_GIVEN INFORMATION_
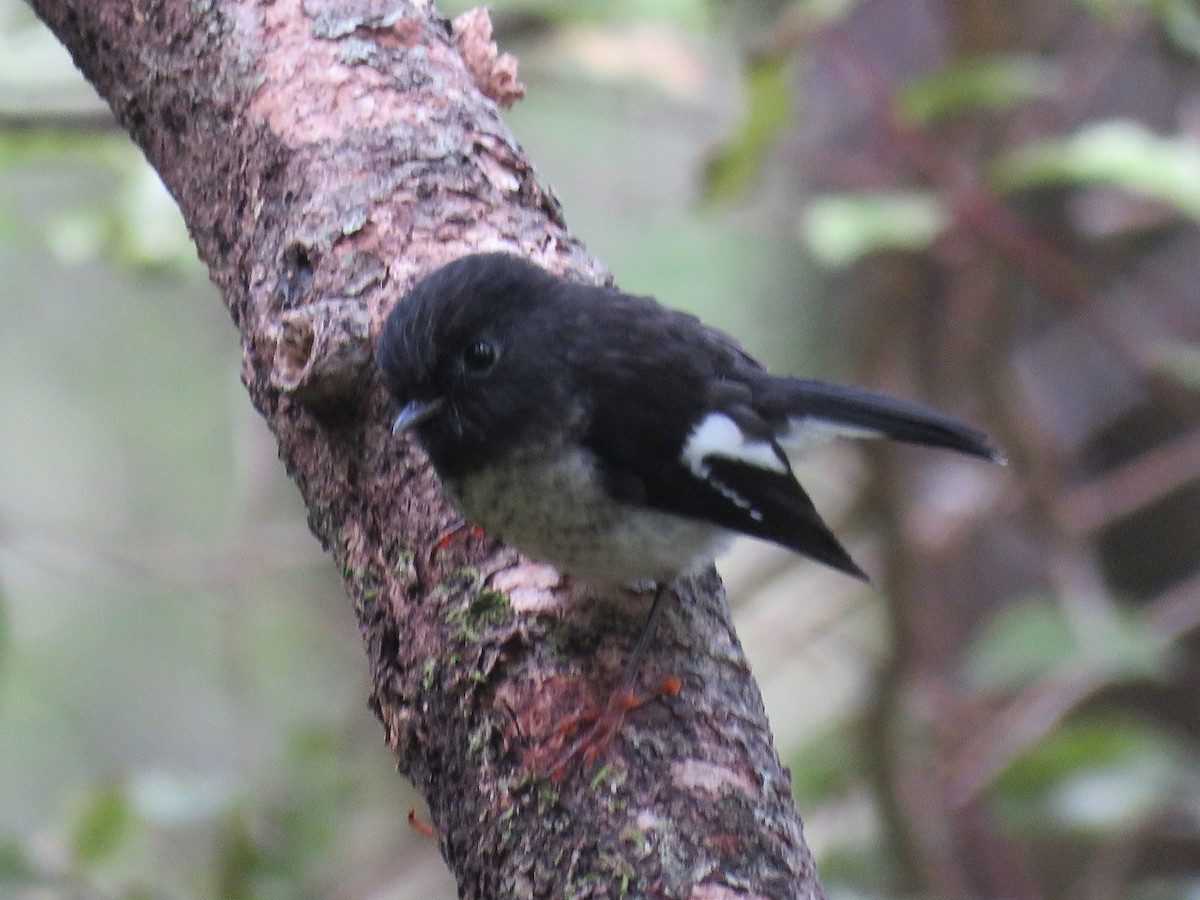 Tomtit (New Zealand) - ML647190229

--

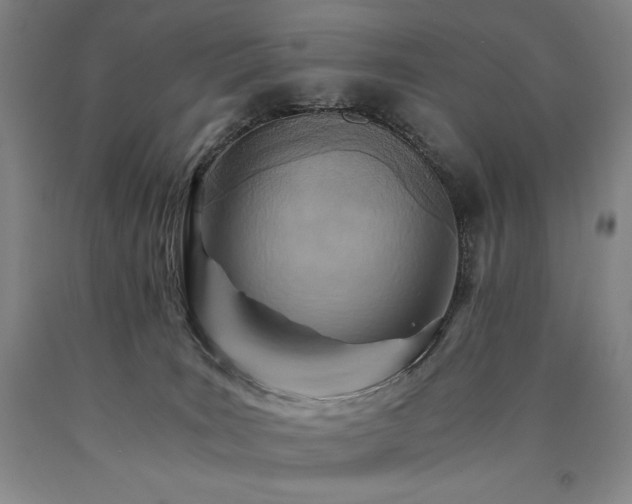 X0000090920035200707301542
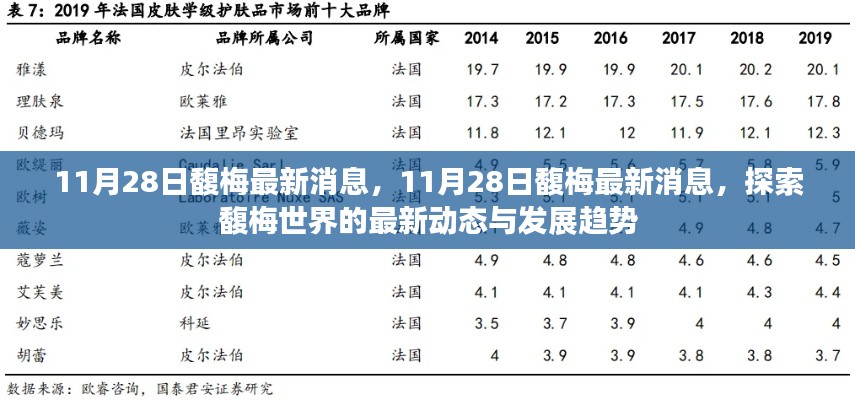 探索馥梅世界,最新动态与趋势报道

_WHAT YOU ARE ASKED TO DO_
Working from the entries above, reproduce exactly and only the lines beginning with the line that has "X0000090920035200707301542" and ending with the line that has "探索馥梅世界,最新动态与趋势报道"; omit all pictures.

_WORKED SOLUTION_
 X0000090920035200707301542
 探索馥梅世界,最新动态与趋势报道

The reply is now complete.